What this task involves:
Below are the entries. Print only the lines starting at the one with "Для Honor Magic" and ending at the one with "StoBag 50pcs Color", exactly, with no pictures.

Records for the task:
====

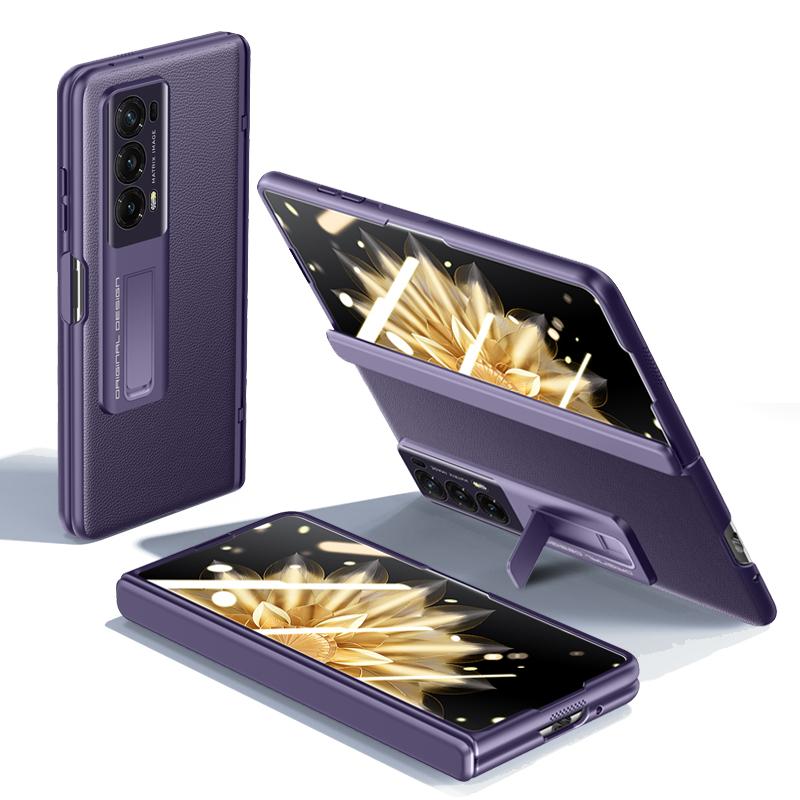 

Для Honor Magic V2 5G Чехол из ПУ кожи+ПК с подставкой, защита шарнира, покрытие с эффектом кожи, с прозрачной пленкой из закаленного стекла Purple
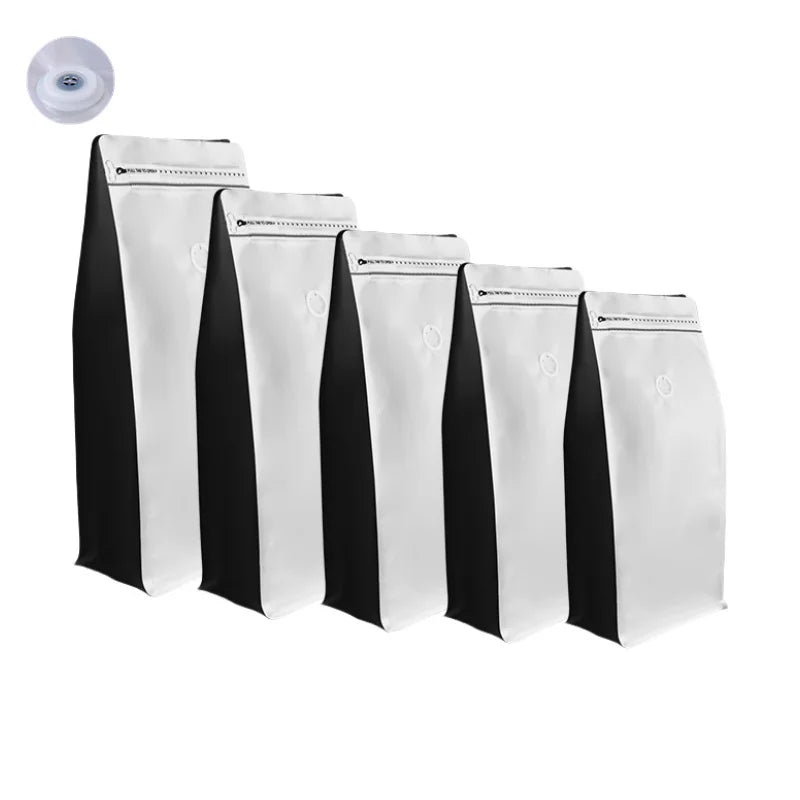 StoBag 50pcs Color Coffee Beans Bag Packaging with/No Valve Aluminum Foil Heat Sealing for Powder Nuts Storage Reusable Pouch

====

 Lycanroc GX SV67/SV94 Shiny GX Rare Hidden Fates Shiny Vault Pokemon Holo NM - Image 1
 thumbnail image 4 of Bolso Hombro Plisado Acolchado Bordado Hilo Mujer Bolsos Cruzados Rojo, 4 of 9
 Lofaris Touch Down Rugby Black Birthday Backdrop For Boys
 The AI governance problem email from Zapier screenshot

====

Solved problem:
Для Honor Magic V2 5G Чехол из ПУ кожи+ПК с подставкой, защита шарнира, покрытие с эффектом кожи, с прозрачной пленкой из закаленного стекла Purple
 StoBag 50pcs Color Coffee Beans Bag Packaging with/No Valve Aluminum Foil Heat Sealing for Powder Nuts Storage Reusable Pouch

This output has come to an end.